Titanic submersible confirmed destroyed with loss of all five souls onboard.

Guessing it's teeth?

Not even that according to one "expert" in here:

"Essentially yes - almost everything atomised - it essentially had to survive being squashed in all directions by hundreds of thousands of tons of force, and the pressure cooked at 5000 degrees celsius, and then blown up again at thousands of miles per hour once the implosion bounced back out a few feet.

Basically, not much left, except hardy parts like titanium lumps of metal - the rear of the sub was likely protected by the titanium end cap, and blown away when it happened."

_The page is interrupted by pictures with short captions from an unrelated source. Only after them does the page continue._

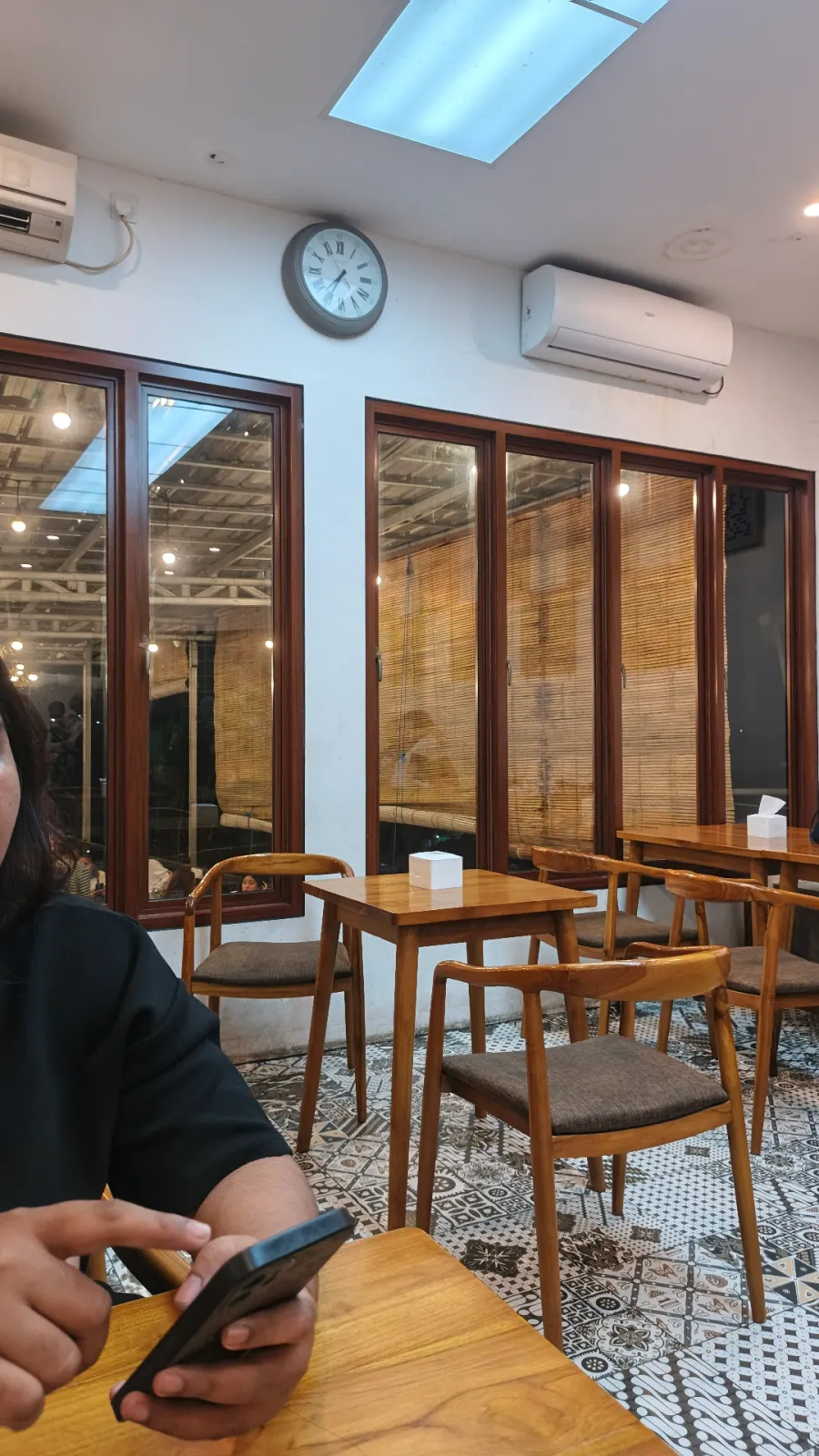 Kedai Kopi Hitam Manis photo 2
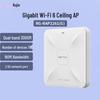 Беспроводная точка доступа Ruijie WiFi 6 AX1800 для потолочного монтажа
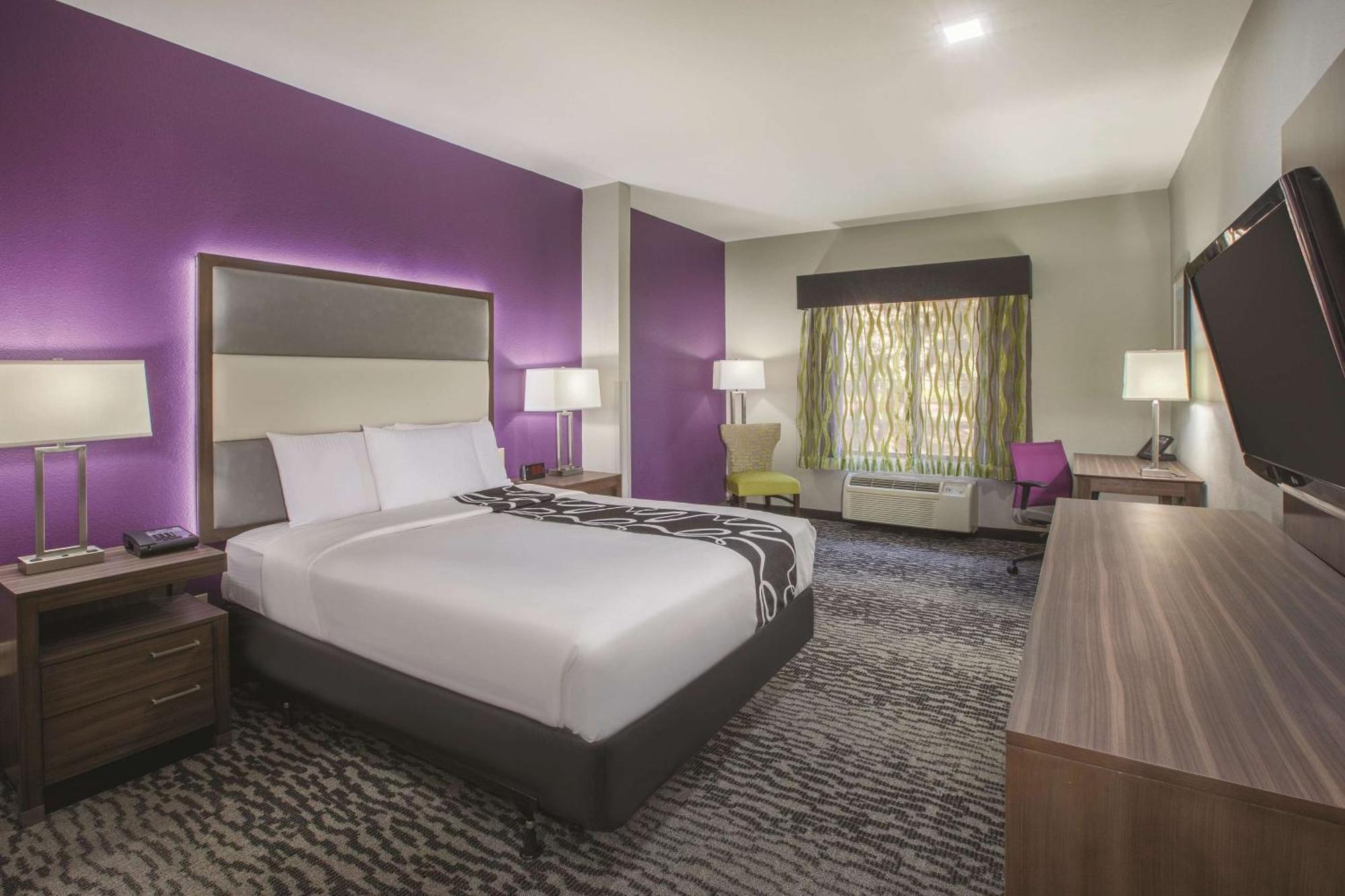 Queen Room Disability Access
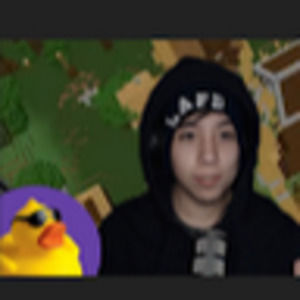 Meet your Posher, Quackity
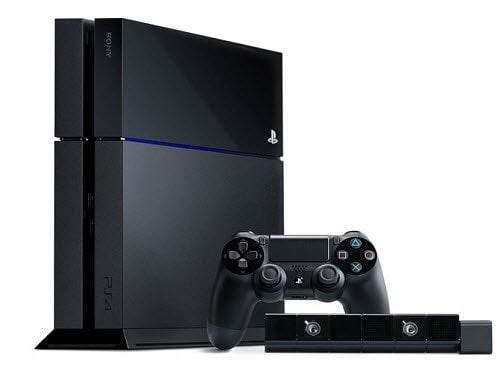 The Real the PlayStation 4 Price One: PlayStation Eye
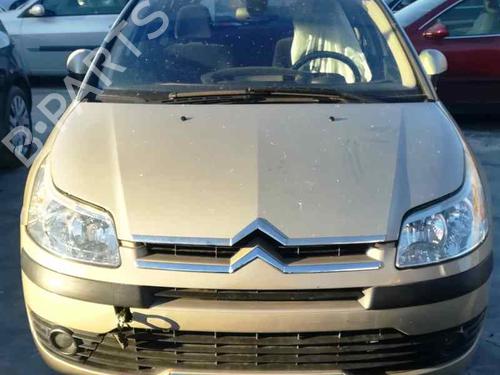 AC radiator CITROËN C4 I (LC_)  | BP9352893M32 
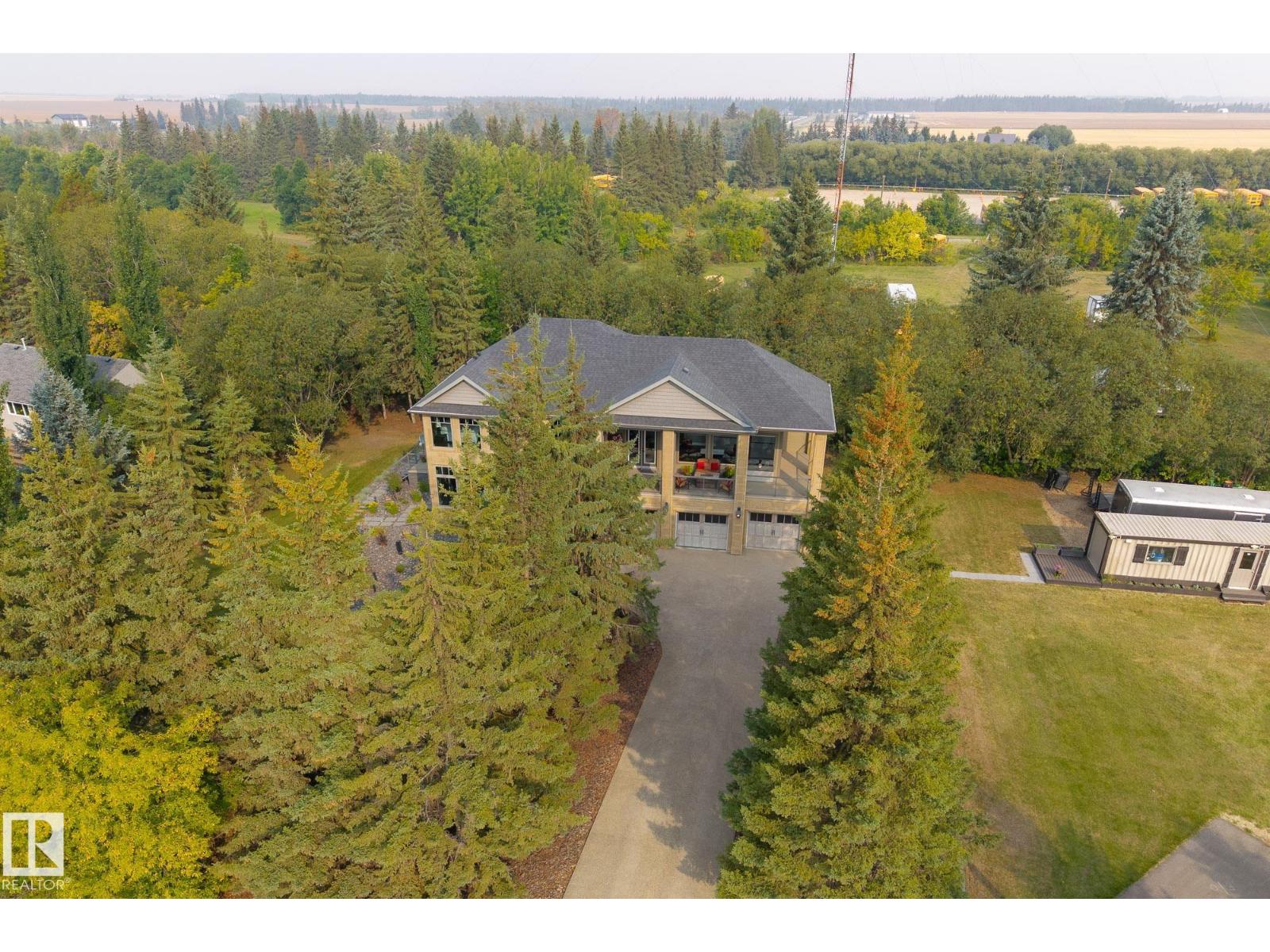 26028 Meadowview Dr, Rural Sturgeon County, Alberta  T8T 0K8 - Photo 4 - E4459437
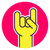 TunedUp Media logo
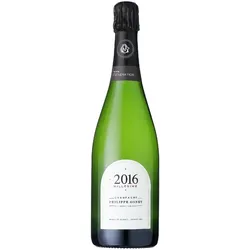 Champagne Philippe Gonet Blanc de Blancs Grand Cru Millésime 2017
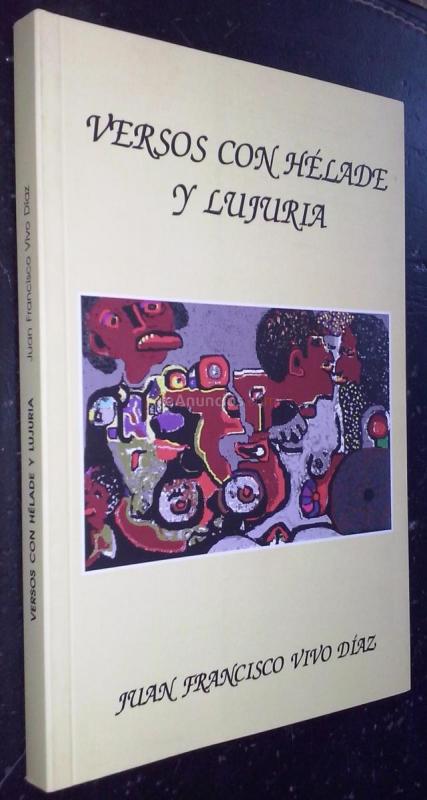 Versos con Hélade y lujuria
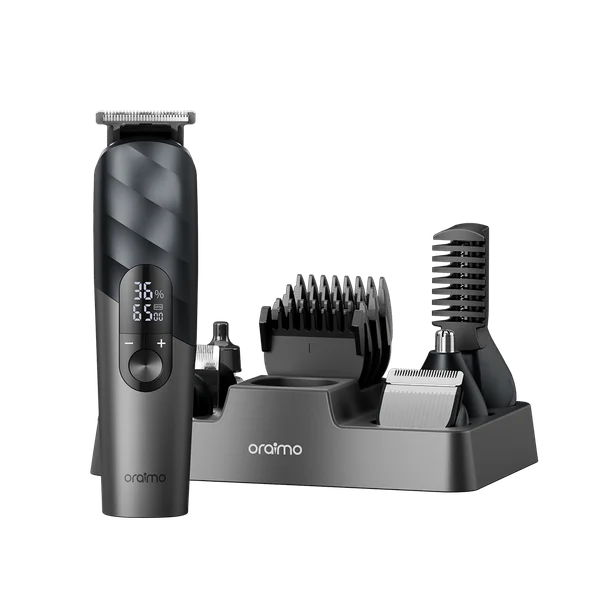 ORAIMO OTS-230 ULTRA TRIM 16 IN 1 COMPLETE CLIPPER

So they think they have filtered human atoms from the depths of the Atlantic search area. Interesting....
 
I reckon the problem in finding large pieces is more down to the 5 inch CF shell turning into shrapnel and being briefly pancaked into the gas void where the people were. Bit like a blender on pulse.

If it was a titanium ball with a leak I would bet a recognisable body would be recovered inside it no matter what the pressure stabilised at.
 
Not even that according to one "expert" in here:

"Essentially yes - almost everything atomised - it essentially had to survive being squashed in all directions by hundreds of thousands of tons of force, and the pressure cooked at 5000 degrees celsius, and then blown up again at thousands of miles per hour once the implosion bounced back out a few feet.

Basically, not much left, except hardy parts like titanium lumps of metal - the rear of the sub was likely protected by the titanium end cap, and blown away when it happened."

So they think they have filtered human atoms from the depths of the Atlantic search area. Interesting....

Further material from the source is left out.